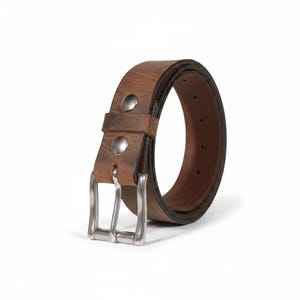 May include: A brown leather belt with a silver-colored buckle. The belt has two silver rivets near the buckle. The leather has a distressed appearance. The belt is approximately 1.5 inches wide.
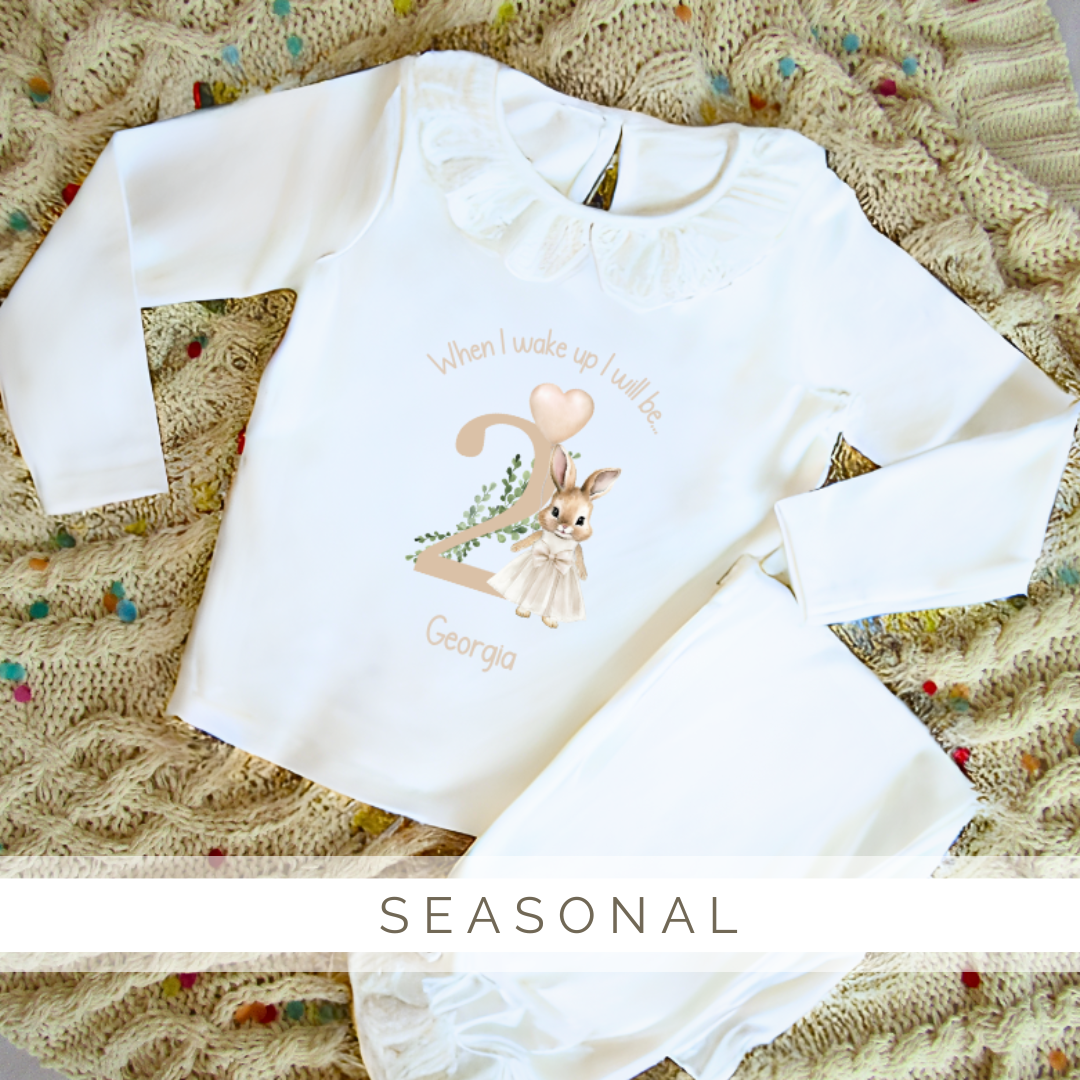 A white shirt with a rabbit on it is laying on a blanket.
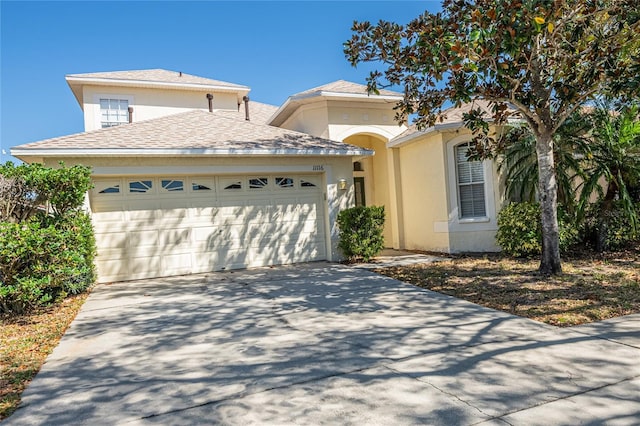 view of front facade featuring stucco siding, driveway, roof with shingles, and an attached garage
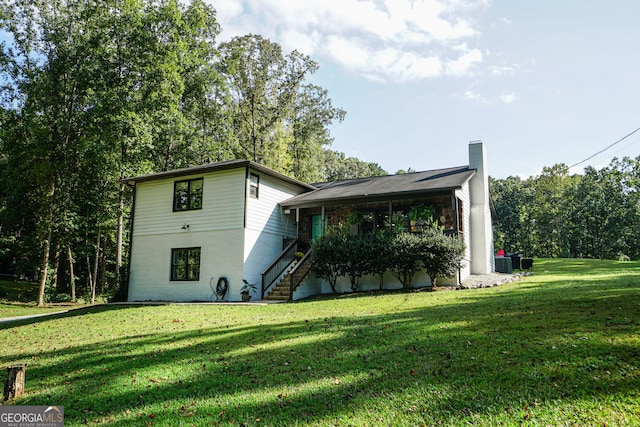 view of home's exterior featuring central air condition unit and a lawn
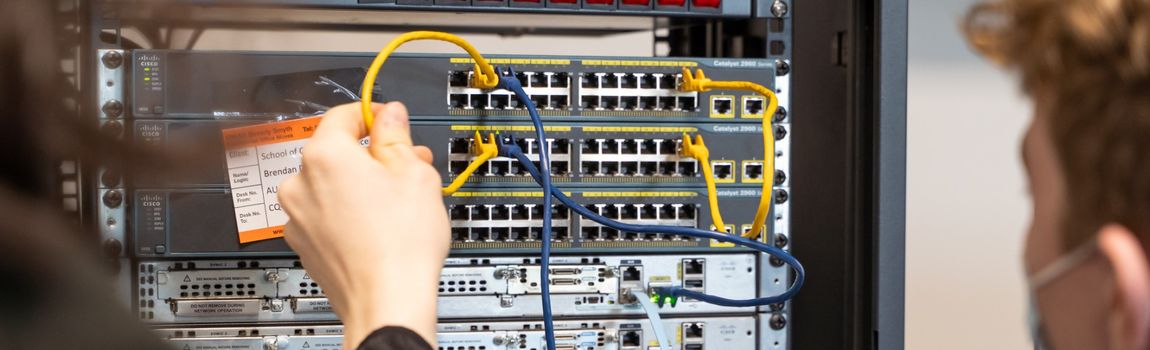 A student working with a Computer Networking Router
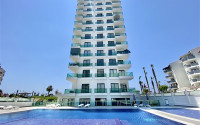 Furnished three-room apartment, 85m², on the first coastline in Mahmutlar, Alanya-id-2412-photo-1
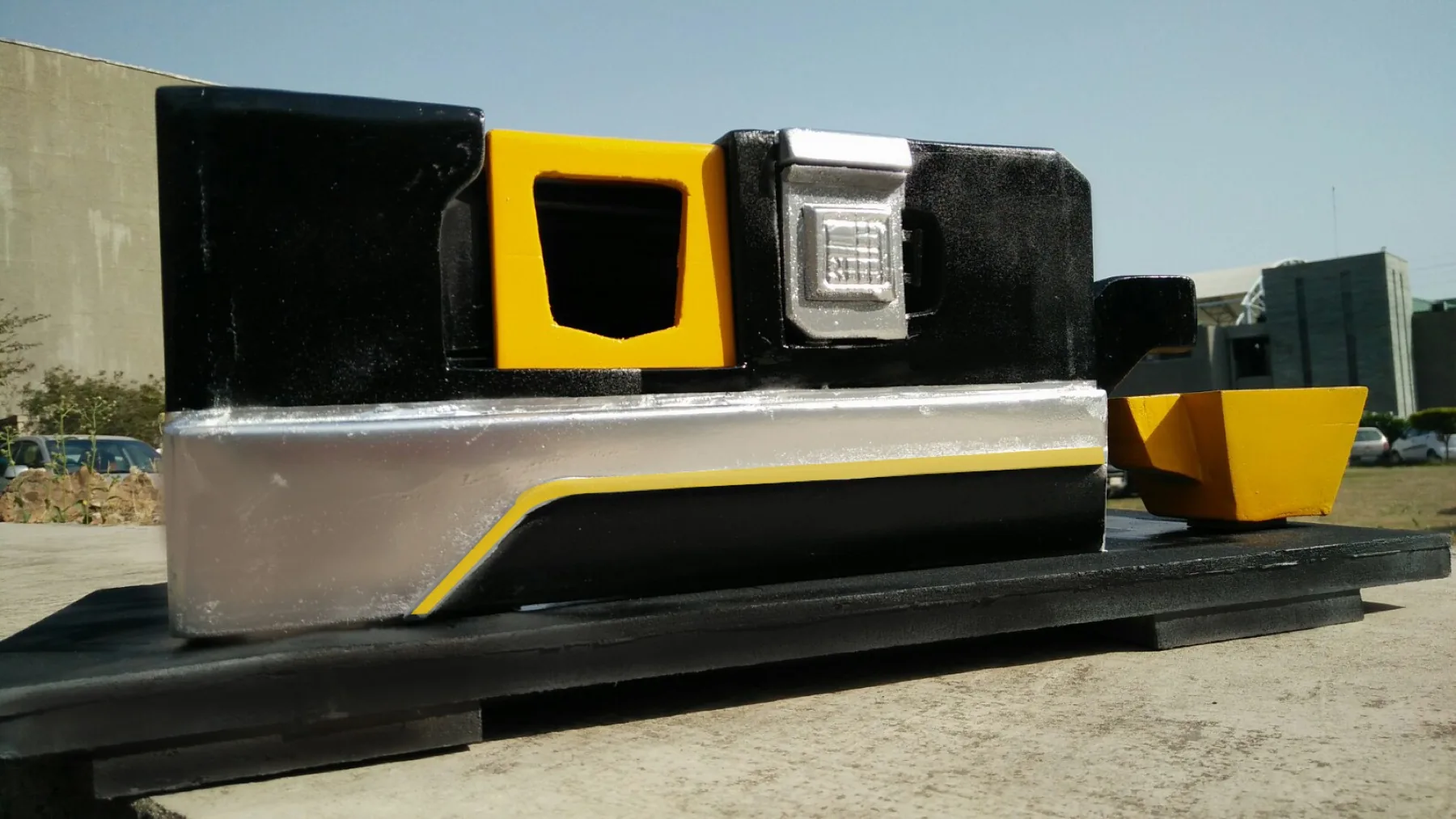 Side view of a painted black, silver, and yellow physical LT-20 appearance model.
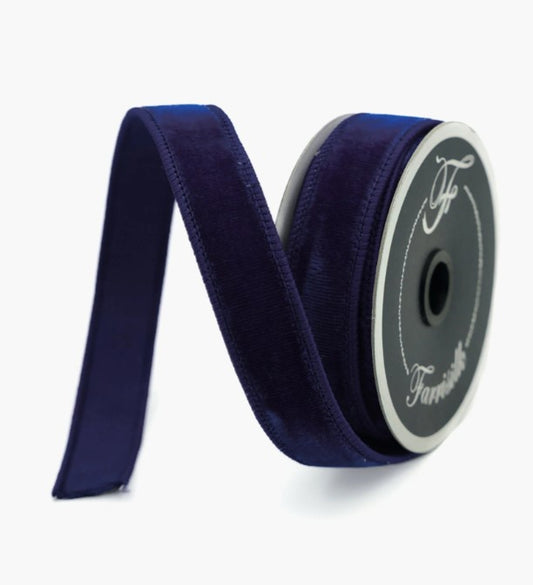 A roll of navy blue velvet ribbon with a silver logo on it.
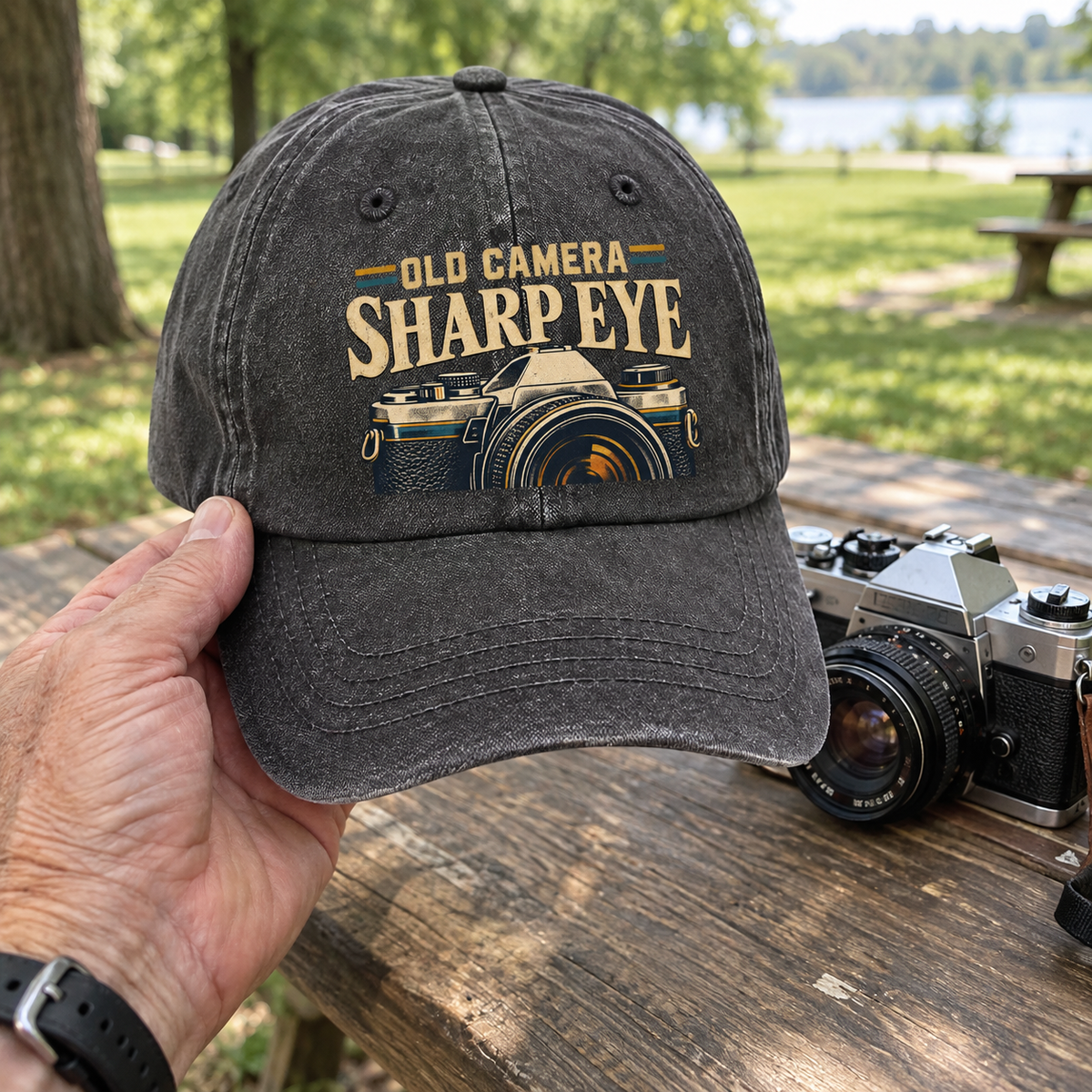 Vintage washed cap with printed Old Camera Sharp Eye slogan and camera design, handheld outdoors beside camera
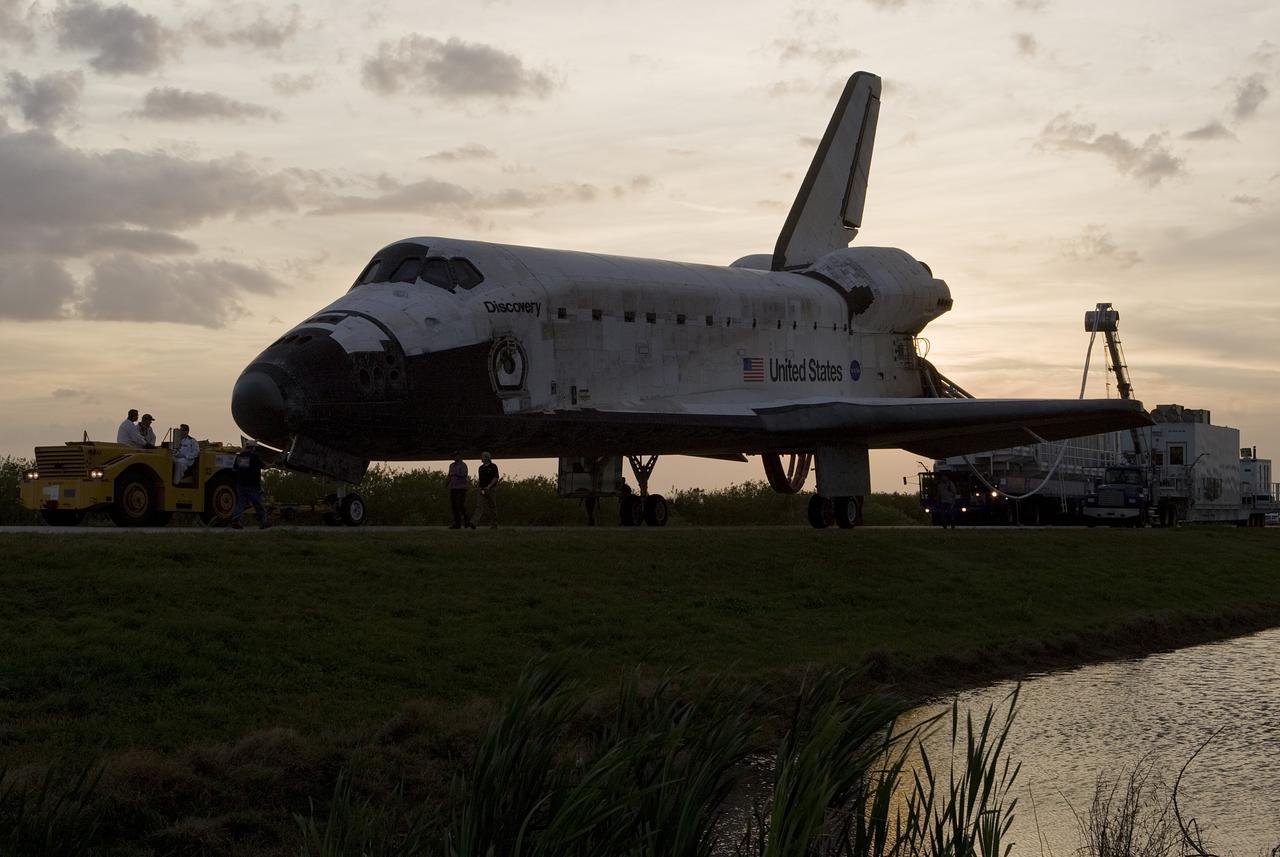 CAPE CANAVERAL, Fla. – Space shuttle Discovery is towed to Orbiter Processing Facility-3 following touchdown on Runway 15 at NASA's Kennedy Space Center in Florida to complete the 13-day, 5.3-million mile journey of the STS-119 mission to the International Space Station. Main gear touchdown was at 3:13:17 p.m. EDT.  Nose gear touchdown was at 3:13:40 p.m. and wheels stop was at 3:14:45 p.m.  Discovery delivered the final pair of large power-generating solar array wings and the S6 truss segment. The mission was the 28th flight to the station, the 36th flight of Discovery and the 125th in the Space Shuttle Program, as well as the 70th landing at Kennedy. Photo courtesy of Scott Andrews, Canon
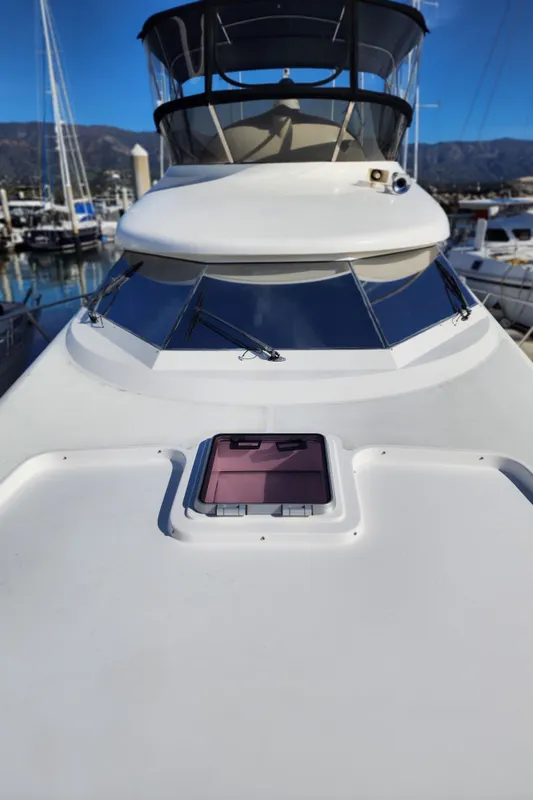 2007 Ocean Alexander Veloce yacht, sleek design, docked in marina under clear blue sky.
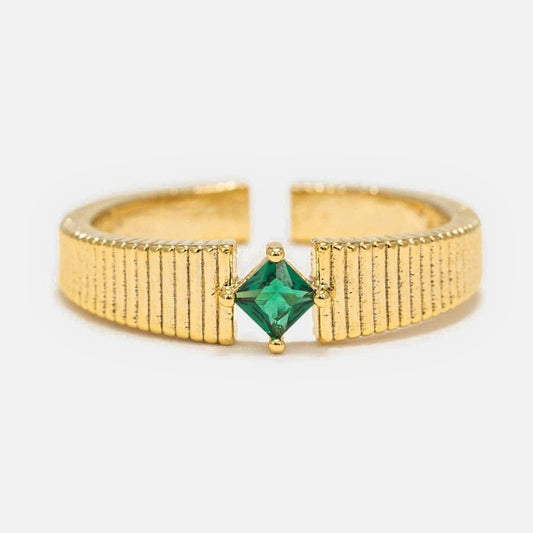 The Serena Ring features a textured gold band with an open back and a square-cut green gemstone set at its center.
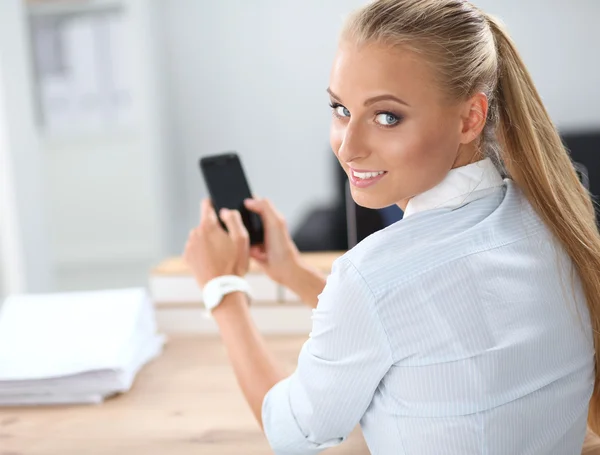Zakenvrouw stuurt bericht met smartphone zittend op kantoor — Stockfoto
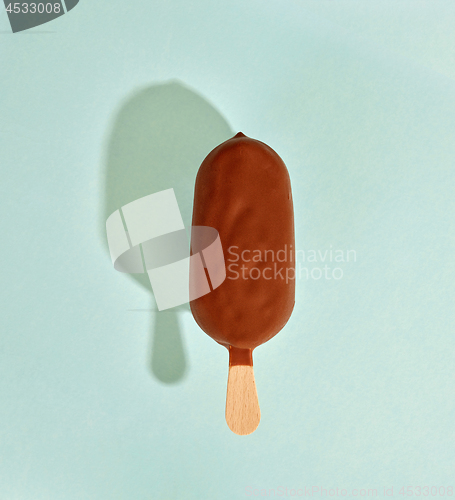 Image of ice cream on pastel blue background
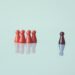 help your child against peer pressure, 5 red game pieces with a black one stood apart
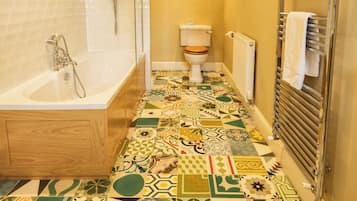 Casa de banho com banheira, sanita e chuveiro. O chão tem um padrão de mosaicos coloridos.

--------

◆ **Assigned task**
Restate each entry word for word. Omit every picture.

◆ **Response to the task**
 May include: A brown leather belt with a silver-colored buckle. The belt has two silver rivets near the buckle. The leather has a distressed appearance. The belt is approximately 1.5 inches wide.
 A white shirt with a rabbit on it is laying on a blanket.
 view of front facade featuring stucco siding, driveway, roof with shingles, and an attached garage
 view of home's exterior featuring central air condition unit and a lawn
 A student working with a Computer Networking Router
 Furnished three-room apartment, 85m², on the first coastline in Mahmutlar, Alanya-id-2412-photo-1
 Side view of a painted black, silver, and yellow physical LT-20 appearance model.
 A roll of navy blue velvet ribbon with a silver logo on it.
 Vintage washed cap with printed Old Camera Sharp Eye slogan and camera design, handheld outdoors beside camera
 CAPE CANAVERAL, Fla. – Space shuttle Discovery is towed to Orbiter Processing Facility-3 following touchdown on Runway 15 at NASA's Kennedy Space Center in Florida to complete the 13-day, 5.3-million mile journey of the STS-119 mission to the International Space Station. Main gear touchdown was at 3:13:17 p.m. EDT.  Nose gear touchdown was at 3:13:40 p.m. and wheels stop was at 3:14:45 p.m.  Discovery delivered the final pair of large power-generating solar array wings and the S6 truss segment. The mission was the 28th flight to the station, the 36th flight of Discovery and the 125th in the Space Shuttle Program, as well as the 70th landing at Kennedy. Photo courtesy of Scott Andrews, Canon
 2007 Ocean Alexander Veloce yacht, sleek design, docked in marina under clear blue sky.
 The Serena Ring features a textured gold band with an open back and a square-cut green gemstone set at its center.
Zakenvrouw stuurt bericht met smartphone zittend op kantoor — Stockfoto
 Image of ice cream on pastel blue background
 help your child against peer pressure, 5 red game pieces with a black one stood apart
 Casa de banho com banheira, sanita e chuveiro. O chão tem um padrão de mosaicos coloridos.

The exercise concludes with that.